We used simulation to investigate whether the null distribution of the log2ratio approximates a Gaussian distribution. We simulated read counts of mRNA-seq data for two independent samples. Each simulated data set included 10000 independent genes, each of length 1000bp, and read counts were simulated for two independent samples under two scenarios: (i) read count data having only Poisson variation by mimicking only experimental variation, and (ii) read count data containing both Poisson variation and additional variation by mimicking both experimental variation and biological variation. For the first scenario, read counts of two samples were generated from an identical Poisson distribution, and we simulated 20 data sets, each with different Poisson rates: 0.01, 0.03, 0.05, 0.07, 0.09, 0.1, 0.3, 0.5, 0.7, 0.9, 1, 2, 3, 4, 5, 6, 7, 8, 9 and 10. For the second scenario, we simulated a total of 200 data sets, each under a combination of the same 20 Poisson rates and 10 levels of extra variation (mimicking biological variation) in log2ratio as governed by Gaussian distributions with mean 0 and 10 levels of standard deviation: 0.01, 0.03, 0.05, 0.07, 0.09, 0.1, 0.2, 0.3, 0.4, 0.5. For each data set in the second scenario, we simulated read counts through the following three main steps: first, we generated gene-specific 10000 log2ratios at random from a Gaussian distribution of mean 0 and a given standard deviation; second, for each gene for the first sample, we generated a random Poisson read count using a given Poisson rate and third, for each gene in the second sample, we used its gene-specific log2ratio and the given Poisson rate to calculate the adjusted Poisson rate applicable to the gene. We then used the adjusted Poisson rate to generate an independent Poisson read count for the gene. In both simulation scenarios, all genes whose maximum read count in both samples was less than 10 were removed from each simulated data set before estimating the null distribution of log2ratio.
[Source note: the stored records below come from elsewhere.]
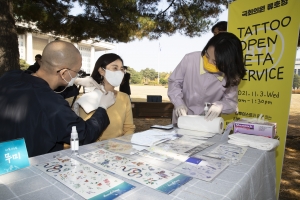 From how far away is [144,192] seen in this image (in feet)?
2.73

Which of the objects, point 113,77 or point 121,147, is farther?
point 113,77

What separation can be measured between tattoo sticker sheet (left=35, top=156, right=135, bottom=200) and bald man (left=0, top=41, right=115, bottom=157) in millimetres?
215

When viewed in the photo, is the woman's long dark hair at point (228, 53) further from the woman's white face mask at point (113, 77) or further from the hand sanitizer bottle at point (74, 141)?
the hand sanitizer bottle at point (74, 141)

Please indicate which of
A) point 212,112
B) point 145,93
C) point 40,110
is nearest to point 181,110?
point 212,112

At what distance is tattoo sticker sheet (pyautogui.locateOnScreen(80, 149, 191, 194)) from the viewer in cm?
89

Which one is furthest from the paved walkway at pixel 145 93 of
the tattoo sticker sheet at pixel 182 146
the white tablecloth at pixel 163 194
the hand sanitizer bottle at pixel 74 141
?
the white tablecloth at pixel 163 194

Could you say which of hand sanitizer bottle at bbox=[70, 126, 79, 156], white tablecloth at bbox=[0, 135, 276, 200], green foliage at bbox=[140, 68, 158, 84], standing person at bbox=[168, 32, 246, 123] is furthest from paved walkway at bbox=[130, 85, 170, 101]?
green foliage at bbox=[140, 68, 158, 84]

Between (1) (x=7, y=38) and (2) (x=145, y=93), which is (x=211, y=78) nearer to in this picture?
(1) (x=7, y=38)

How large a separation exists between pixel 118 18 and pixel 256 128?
4017mm

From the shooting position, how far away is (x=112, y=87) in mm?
2236

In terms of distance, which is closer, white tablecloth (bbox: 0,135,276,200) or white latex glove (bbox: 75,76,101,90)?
white tablecloth (bbox: 0,135,276,200)

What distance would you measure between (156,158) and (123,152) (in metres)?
0.22

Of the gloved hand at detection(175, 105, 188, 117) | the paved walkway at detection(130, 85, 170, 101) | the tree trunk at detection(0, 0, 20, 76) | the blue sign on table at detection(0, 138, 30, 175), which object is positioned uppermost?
the tree trunk at detection(0, 0, 20, 76)

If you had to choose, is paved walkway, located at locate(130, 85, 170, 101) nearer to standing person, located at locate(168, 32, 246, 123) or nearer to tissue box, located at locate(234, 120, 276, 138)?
standing person, located at locate(168, 32, 246, 123) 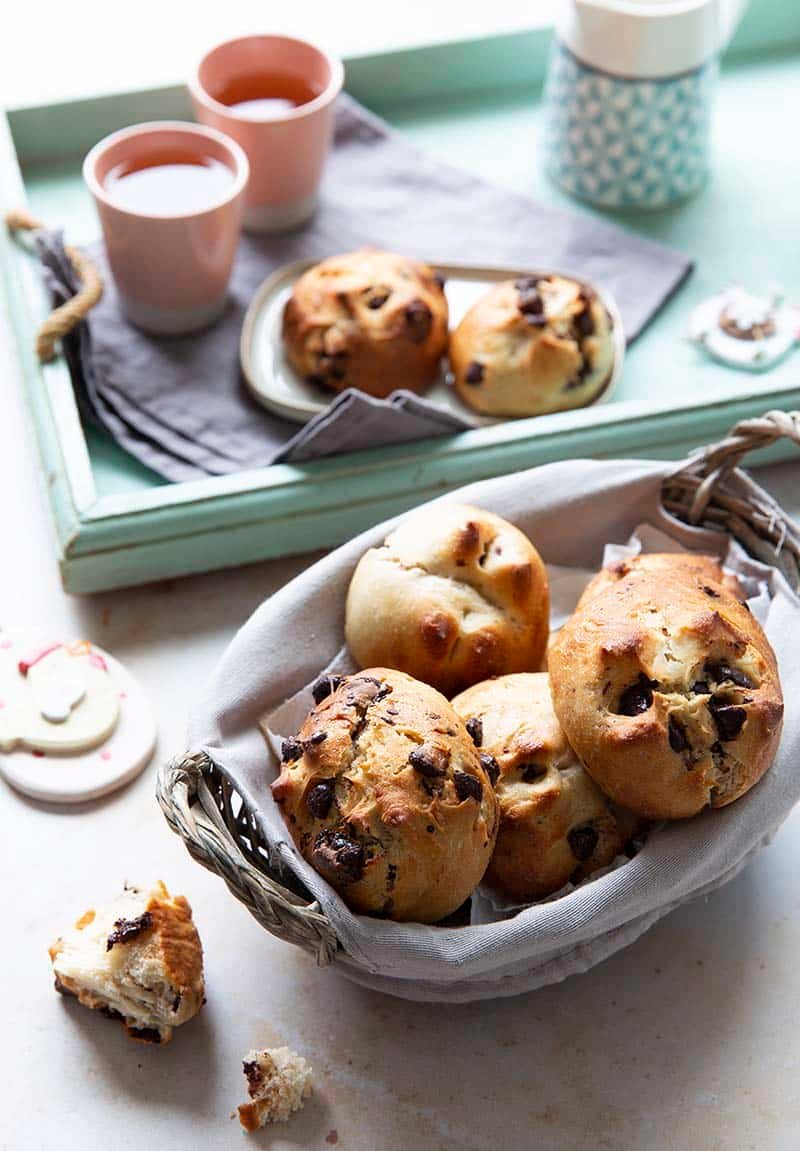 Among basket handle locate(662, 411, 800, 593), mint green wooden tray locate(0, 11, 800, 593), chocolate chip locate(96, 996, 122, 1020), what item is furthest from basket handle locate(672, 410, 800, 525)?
chocolate chip locate(96, 996, 122, 1020)

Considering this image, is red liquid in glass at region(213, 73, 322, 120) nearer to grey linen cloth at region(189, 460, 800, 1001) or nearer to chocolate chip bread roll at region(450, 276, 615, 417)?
chocolate chip bread roll at region(450, 276, 615, 417)

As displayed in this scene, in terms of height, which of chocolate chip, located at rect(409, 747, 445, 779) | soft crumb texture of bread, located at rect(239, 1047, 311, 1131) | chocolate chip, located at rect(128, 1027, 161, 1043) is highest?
chocolate chip, located at rect(409, 747, 445, 779)

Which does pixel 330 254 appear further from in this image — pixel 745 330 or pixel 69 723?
pixel 69 723

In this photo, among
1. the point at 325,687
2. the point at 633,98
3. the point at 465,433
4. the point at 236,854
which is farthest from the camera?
the point at 633,98

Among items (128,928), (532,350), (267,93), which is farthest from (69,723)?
(267,93)

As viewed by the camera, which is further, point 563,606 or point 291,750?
point 563,606

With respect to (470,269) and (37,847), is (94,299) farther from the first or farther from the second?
(37,847) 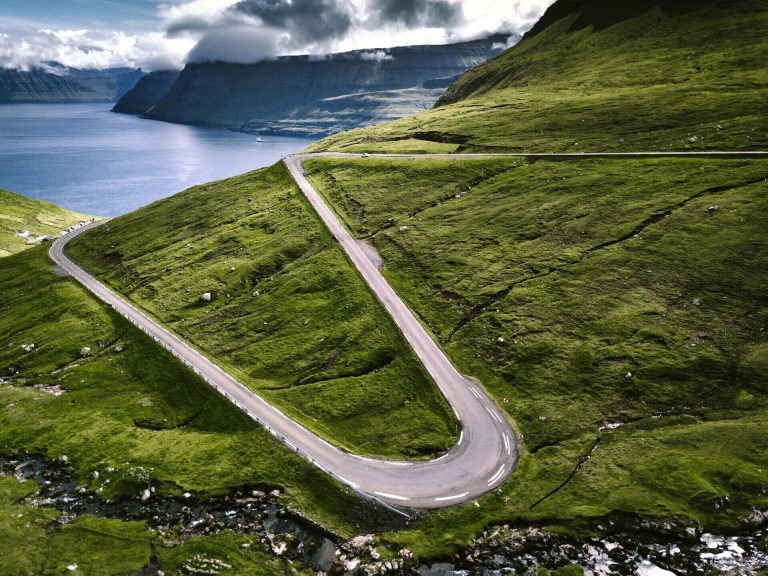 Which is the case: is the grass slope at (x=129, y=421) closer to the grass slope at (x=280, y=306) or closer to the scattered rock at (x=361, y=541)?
the scattered rock at (x=361, y=541)

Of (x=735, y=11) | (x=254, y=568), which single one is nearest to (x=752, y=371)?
(x=254, y=568)

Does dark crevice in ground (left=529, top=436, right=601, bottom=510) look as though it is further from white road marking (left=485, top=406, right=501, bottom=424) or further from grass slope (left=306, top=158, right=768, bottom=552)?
white road marking (left=485, top=406, right=501, bottom=424)

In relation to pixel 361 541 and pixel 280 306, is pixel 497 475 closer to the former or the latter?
pixel 361 541

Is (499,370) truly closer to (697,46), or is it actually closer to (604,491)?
(604,491)

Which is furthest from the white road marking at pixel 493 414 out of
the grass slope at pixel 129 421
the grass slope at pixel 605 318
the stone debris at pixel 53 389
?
the stone debris at pixel 53 389

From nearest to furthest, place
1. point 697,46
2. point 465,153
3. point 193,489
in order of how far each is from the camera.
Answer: point 193,489 < point 465,153 < point 697,46

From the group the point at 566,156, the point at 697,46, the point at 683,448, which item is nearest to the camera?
the point at 683,448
We assessed the performance of our method in a simulation study involving 9500 unchanged and 500 differentially expressed genes, each of length 1000bp. The fold changes of the 500 differentially expressed genes were uniformly distributed between 1.5 and 10. We modeled different depths of read coverage with 15 different Poisson rates: 0.1, 0.3, 0.5, 0.7, 0.9, 1, 2, 3, 4, 5, 6, 7, 8, 9 and 10 tags per genomic position. We modeled nine levels of extra variation as biological variation in log2ratio with nine zero-mean Gaussian distributions of different standard deviations: 0 (no extra variation), 0.01, 0.03, 0.04, 0.05, 0.07, 0.09, 0.1 and 0.2. We simulated read counts independently for two samples, each with two independent ‘biological’ replicates. In total, we generated 135 data sets, each under one of the possible combinations of 15 levels of read coverage and 9 levels of extra variation. We analyzed each data set independently. Using the Bonferroni correction for multiple testing, we set the cutoff P-value for statistical significance for our Max-P statistic to 5×10−6. For each combination of read coverage and extra variation, we calculated the false positive rate (FPR) as the proportion of the 9500 unchanged genes rejected by the test, the false negative rate (FNR) as the proportion of the 500 differentially expressed genes not rejected by the test, and the FDR as the ratio of the number of genes rejected among the 9500 unchanged genes to the total number of genes rejected. We repeated each simulation eight times, and reported the average of each measure.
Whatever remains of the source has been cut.